La lumière vient d’en haut : dans toute cette noirceur (qui répétons-le ne s’exprime jamais d’une manière outrée), il y a aussi des envols que l’auteure évoque de manière à la fois réelle et symbolique : envol du jeune Tunisien Daoud dans un avion qui fait naître en lui le désir de devenir pilote, hélas sans espoir de réalisation. Envol de la jeune acrobate Nora dont il s’est épris, mais qui se fracasse pitoyablement dans l’arène du cirque où Daoud la voit mourir sous ses yeux. De ces tentatives on tire la conviction qu’elles ne cesseront jamais quoi qu’il en soit. Mais de combien de morts et de vies misérables le sol qui est en dessous sera-t-il encore nourri ? Cécile Oumhani pose la question pour le monde tel qu’il était il y a un siècle, mais il est évident que nous n’avons pas davantage la réponse pour le monde d’aujourd’hui.

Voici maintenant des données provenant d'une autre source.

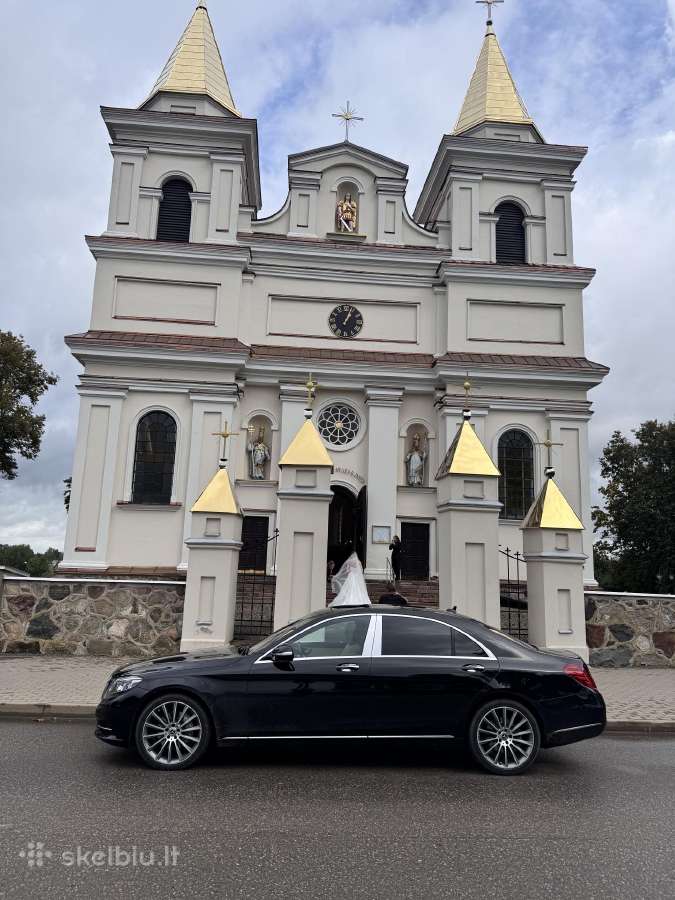 Nuoma su vairuotoju Mercedes s klasės w222 40€ h - nuotraukos Nr. 37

L’autre force qui apparente « Tunisian Yankee » à la catégorie des grands romans   est la place qui s’y trouve faite à ce qu’on appelle le hasard, sans être sûr qu’il existe réellement et qu’il ne faille pas lui donner un autre nom. Daoud et Elena auraient peut-être pu gagner leur part de bonheur dans cette ville de New-York où leur amour les a finalement incités à le croire possible. Si du moins ce n’était le moment où en 1916 les Etats-Unis décident d’entrer dans la Première guerre mondiale. Mais peut-on appeler celle-ci un hasard ? Quoi qu’il en soit, il ne semble pas qu’un tel mot convienne. Le sentiment très poignant qu’on éprouve à lire une histoire comme celle-ci est plutôt qu’une sorte de manipulation monstrueuse malmène les personnages de la « vie minuscule » jusqu’à ce qu’ils en meurent. Le roman donne un nom à certains aspects de cette manipulation mais il laisse aussi la place à ce qu’on ne peut nommer, monstrueuse menace qui d’une manière ou d’une autre finit par se réaliser.